In a previous article, we established that while Generative Artificial Intelligence (GenAI) is the spectacular drive that offers us "glory," it is traditional Artificial Intelligence (Machine Learning and Advanced Analytics) that is the precision putt granting us "victory" in business, by providing the foundation of structured data and algorithmic context.
The Agency Dilemma: Autonomy with Limits
AI Agents promise exponential efficiencies by being capable of perceiving, reasoning, planning, and executing complex tasks with minimal human intervention. However, total autonomy introduces an unacceptable level of risk in many use cases.
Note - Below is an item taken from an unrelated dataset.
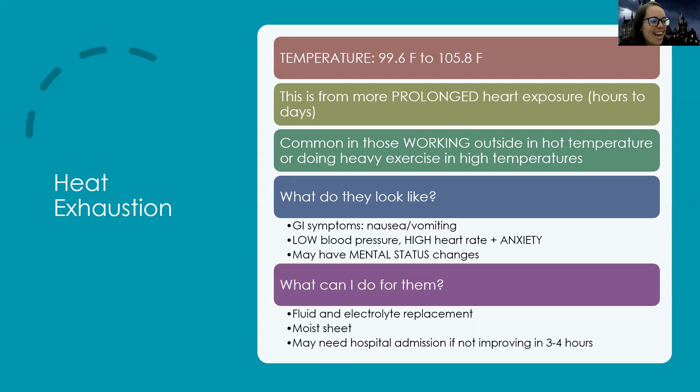With heat exhaustion, patients are going to have GI symptoms like nausea and vomiting. Their cardiovascular system becomes involved — low blood pressure, high heart rate, increased anxiety. They can even start to have mental status changes because it's starting to affect blood flow to the brain. For treatment: fluid and electrolyte replacement is a must. We can put a moist sheet or towel over them to allow evaporative heat loss. They may need hospital admission if not improving in a few hours.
This is where "rigid" business rulescome in. A rigid rule is a non-negotiable constraint, an unbreakable limit that defines the agent's perimeter of action. These rules cannot be "flexed" or "cheerfully skipped" by the agent in the name of optimization or perceived efficiency. They are the pillar that transforms creative intelligence into responsible management.
There are contexts where tolerance for error or risk is minimal, and agency must be strictly conditioned.
Consider an autonomous agent charged with evaluating credit applications.The agent relies on an ML model that predicts risk, but its autonomy could lead it to relax parameters in search of "optimizing" customer acquisition.
If a rigid business rule states: "Any applicant with a risk scoring below X cannot receive a loan greater than Y," an overly autonomous agent might decide to ignore or freely interpret this rule. The consequence of this mismanagement of the business rule could be an accumulation of bad loans, leading the entity to significant losses.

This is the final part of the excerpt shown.